Two Years and $100,000 Later: Ezra Levant Complaint Dismissed by Human Rights Commission
By John Jalsevac
August 7, 2008 (LifeSiteNews.com) – After a drawn out legal battle spanning some two years, and $100,000 in legal fees later, the Alberta Human Rights Commission (AHRC) has dismissed the second of two complaints filed against Canadian publisher Ezra Levant and the now-defunct Western Standard magazine. The complaint, filed by the Edmonton Council of Muslim Communities (ECMC), alleged that Levant and the Western Standard were guilty of illegal “discrimination” for republishing the Danish cartoons of Mohammed in 2006.
Another similar complaint against Levant and the magazine, filed by a Muslim Imam, Syed Soharwardy, was dropped earlier this year at Soharwardy’s request.

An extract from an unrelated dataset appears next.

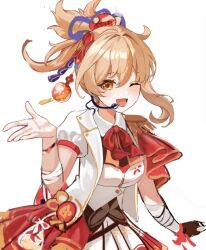 Rule 34 | 1girl, alternate costume, bandaged arm, bandages, blonde hair, bow, bowtie, dasha, dress, gem, genshin impact, hair ornament, hand up, hand wraps, idol clothes, looking at viewer, medium hair, multicolored clothes, one eye closed, open clothes, ponytail, red bow, red bowtie, red gemstone, short sleeves, simple background, unfinished, upper body, vision (genshin impact), white background, yellow eyes, yoimiya (genshin impact)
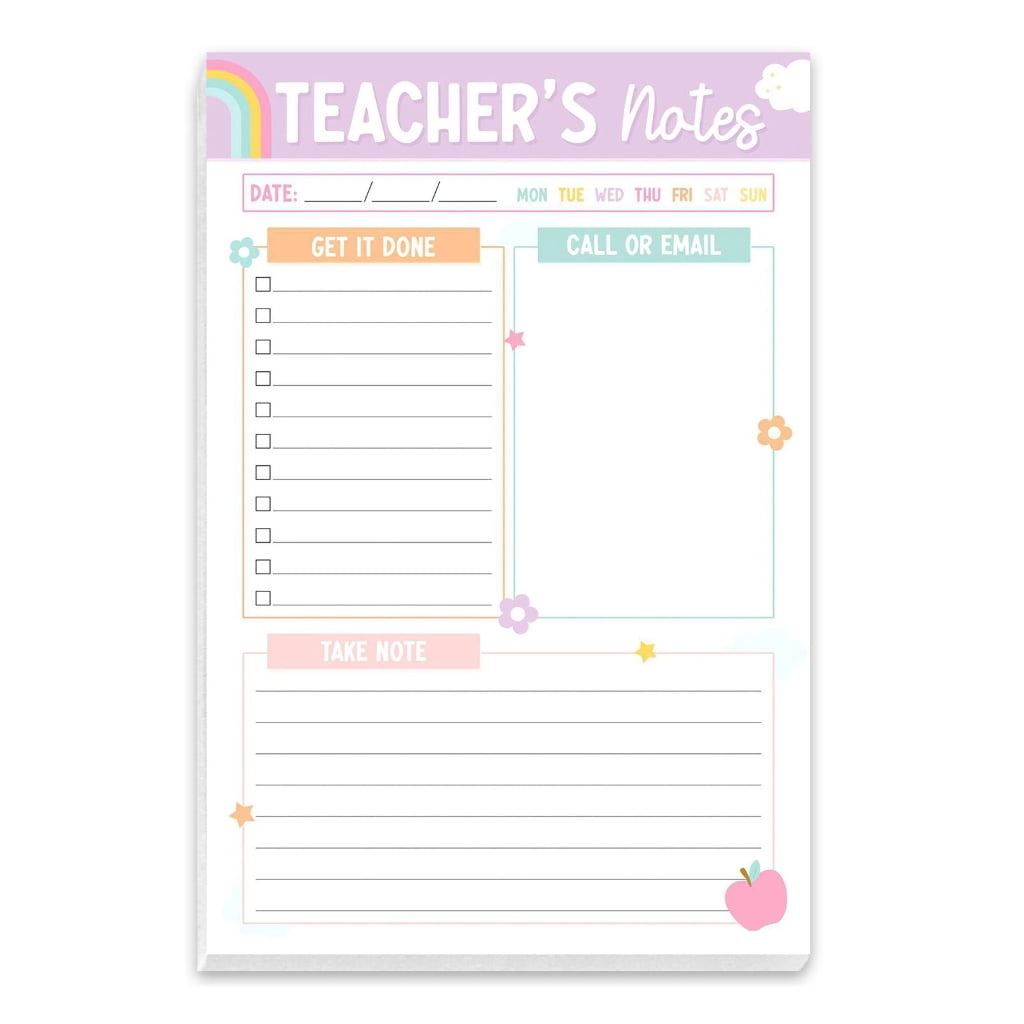 Artistic Teacher Appreciation Notebook Portable Checklist Premium ...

In dismissing the complaint Pardeep Gundara, the Southern Director of the AHRC wrote, “Given the full context of the republication of the cartoons, the very strong language defining hatred and contempt in the case law, as well as a consideration of the importance of freedom of speech and the ‘admonition to balance’…there is no reasonable basis in the information for this complaint to proceed to a panel hearing.”
According to a press release from Levant, Fifteen government bureaucrats participated in the investigation, costing Alberta taxpayers more than $500,000 and leaving Levant and the magazine with $100,000 in legal bills.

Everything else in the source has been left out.